Bir New York şaheseri Per Se Restoran

Bugün size, muhtemelen dünyanın en iyi birkaç lokantasından biri sayılabilecek Per Se restorandan söz etmek istiyorum.

İki ay gibi bir bekleme listesi olan bu restoranda yemek yeme şansına nail oldum ve ömrümdeki en etkileyici restoran deneyimlerimden birini yaşadım. İlgilenirseniz, bu bayram tatili günü satırlarımda sizleri de oraya götürmek ve bu deneyimi hayal ederek geçen keyifli bir on dakika yaşatmak istiyorum.
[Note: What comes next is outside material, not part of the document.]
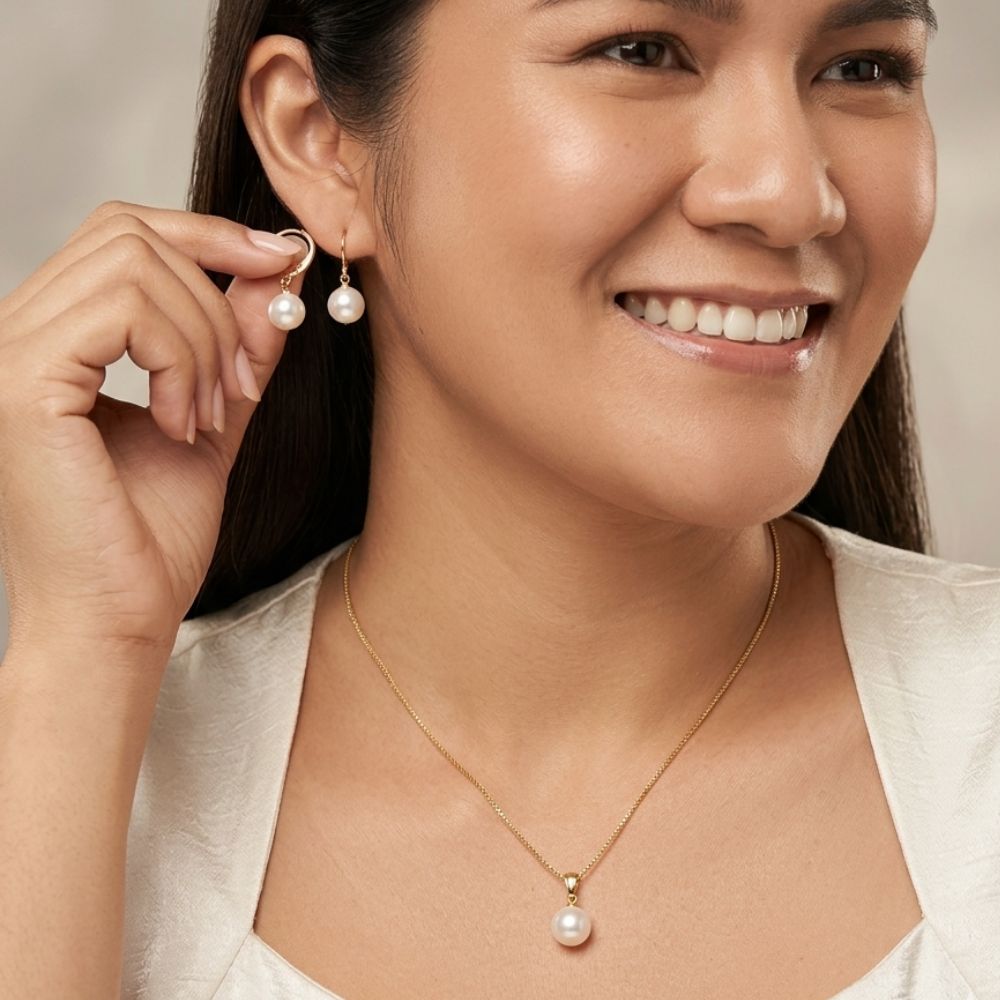 Descubre el set de collar y aretes de perlas minimalistas waterproof, joyas elegantes para un look femenino y fresco. ¡Perfecto para cualquier ocasión! Azzia Joyeria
Benim talihim. Ne zaman New York’a gitsem şehir tarihin ya en soğuk, ya da en sıcak mevsimini yaşıyor. Geçtiğimiz ay ise tarihin en yağışlı iki Ekim’inden birini. Bu sağanakta taksi bulmak biraz zor oluyor ama yine de Columbus Meydanı’ndaki Time-Warner binasına zamanında ulaşmayı başarabiliyoruz eşimle. Burası Central Park’ın hemen önünde, alt katları alışveriş merkezi olan bir gökdelen. Yani, ömrünüzde bir kez bile yemek yemenin ayrıcalık olacağı bu muhteşem restoran, bir alışveriş merkezinin dördüncü katında.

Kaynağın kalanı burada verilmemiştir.